### To do
A word-for-word repeat of the records below is what this calls for.
------------------------------------------------------------
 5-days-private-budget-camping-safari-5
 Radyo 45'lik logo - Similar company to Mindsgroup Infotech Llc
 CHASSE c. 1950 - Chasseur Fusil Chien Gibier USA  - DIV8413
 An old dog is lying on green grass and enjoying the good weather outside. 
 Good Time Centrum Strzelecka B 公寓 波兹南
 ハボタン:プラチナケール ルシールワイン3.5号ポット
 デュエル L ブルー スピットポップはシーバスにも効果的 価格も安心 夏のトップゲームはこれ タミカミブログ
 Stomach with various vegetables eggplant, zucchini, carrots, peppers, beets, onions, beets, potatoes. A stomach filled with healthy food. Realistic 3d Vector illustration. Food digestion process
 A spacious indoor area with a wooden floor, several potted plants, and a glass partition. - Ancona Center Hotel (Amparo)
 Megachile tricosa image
------------------------------------------------------------
### Task solution
 5-days-private-budget-camping-safari-5
 Radyo 45'lik logo - Similar company to Mindsgroup Infotech Llc
 CHASSE c. 1950 - Chasseur Fusil Chien Gibier USA  - DIV8413
 An old dog is lying on green grass and enjoying the good weather outside. 
 Good Time Centrum Strzelecka B 公寓 波兹南
 ハボタン:プラチナケール ルシールワイン3.5号ポット
 デュエル L ブルー スピットポップはシーバスにも効果的 価格も安心 夏のトップゲームはこれ タミカミブログ
 Stomach with various vegetables eggplant, zucchini, carrots, peppers, beets, onions, beets, potatoes. A stomach filled with healthy food. Realistic 3d Vector illustration. Food digestion process
 A spacious indoor area with a wooden floor, several potted plants, and a glass partition. - Ancona Center Hotel (Amparo)
 Megachile tricosa image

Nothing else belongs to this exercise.